Sorgeva nel giardino della Casa degli Atellani, che si trova al numero 65 di Corso Magenta, a Milano, proprio di fronte a Santa Maria delle Grazie, nel cui refettorio Leonardo dipinse l’Ultima cena.

Era una casa che Ludovico il Moro, Signore di Milano e datore di lavoro di Leonardo, aveva fatto costruire alla fine del quattrocento come parte di un borgo residenziale destinato ai suoi fedeli cortigiani.

Quello che restava della vigna di Leonardo nel 1922, in una foto di Luca Beltrami poco prima che il giardino fosse rinnovato.

La vigna di Leonardo occupava 8320 metri quadri e si trovava nell’area in cui oggi sorge il giardino interno del palazzo. Era stato il Moro in persona, per ricompensarlo dei suoi alti servigi, a regalarla al Maestro con un atto datato 26 aprile 1499.

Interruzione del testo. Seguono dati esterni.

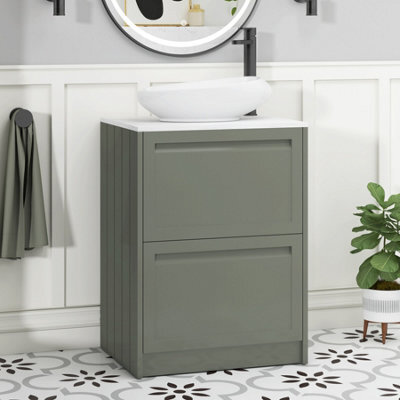 Royal Bathrooms Royal Bathroom Elmore 600mm Matt Green Freestanding Countertop Bathroom Vanity Unit 2 Drawer With Nova Basin - image 1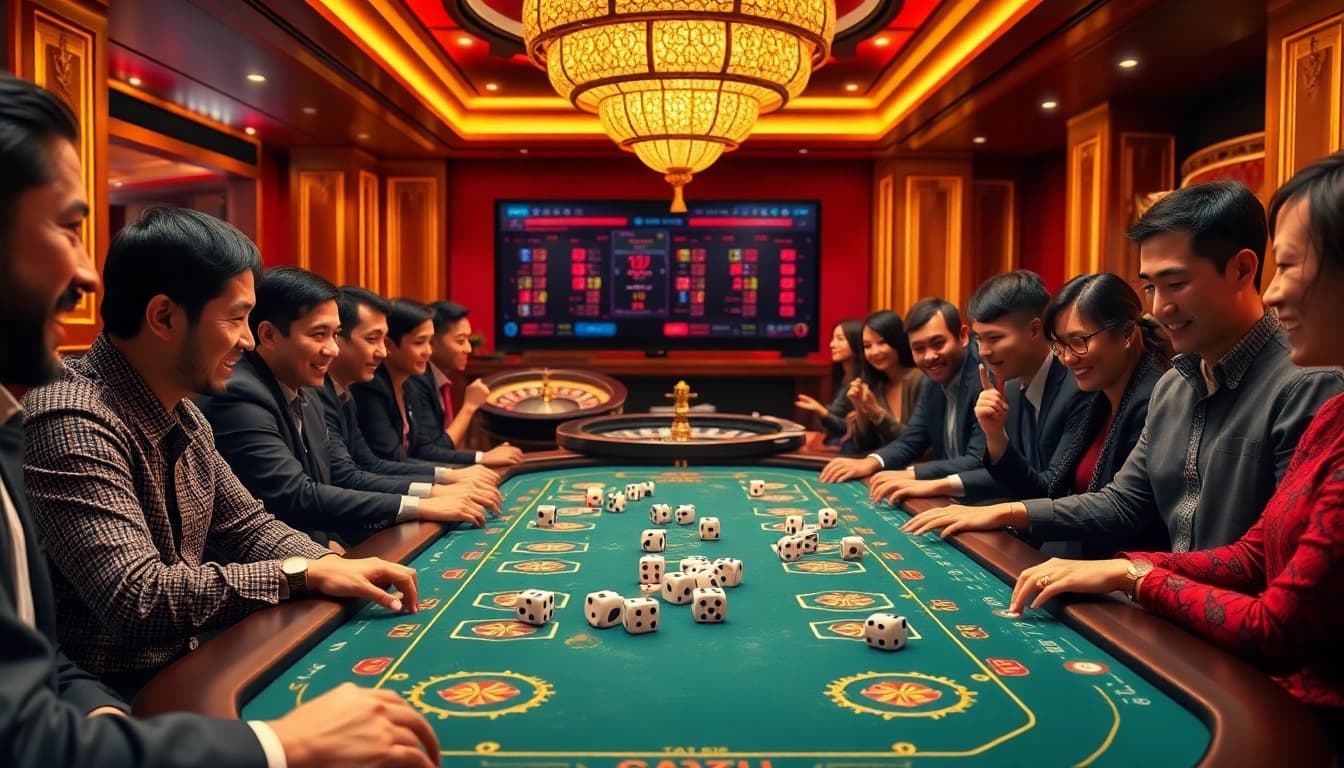 Tai Xiu online game scene with players rolling dice and placing bets at a luxurious casino.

Leonardo vi rimase sempre molto legato, anche perché sperava che quel possedimento avrebbe potuto garantirgli la cittadinanza di Milano, e ne seguì le sorti con premura, nonostante le sue continue peregrinazioni.

Ne disegnò alcuni schizzi e la visitò nel 1508, dopo che gli era stata confiscata dal re di Francia in seguito alla caduta del Moro e poi restituita. Infine, nel testamento redatto il 23 aprile 1519, accanto alle sue opere più preziose e famose, Leonardo non si dimenticò della vigna, che lasciò metà ciascuno ai suoi più fedeli servitori, Giovan Batista de’ Vilanis e Salaj, che vi costruì anche la sua dimora.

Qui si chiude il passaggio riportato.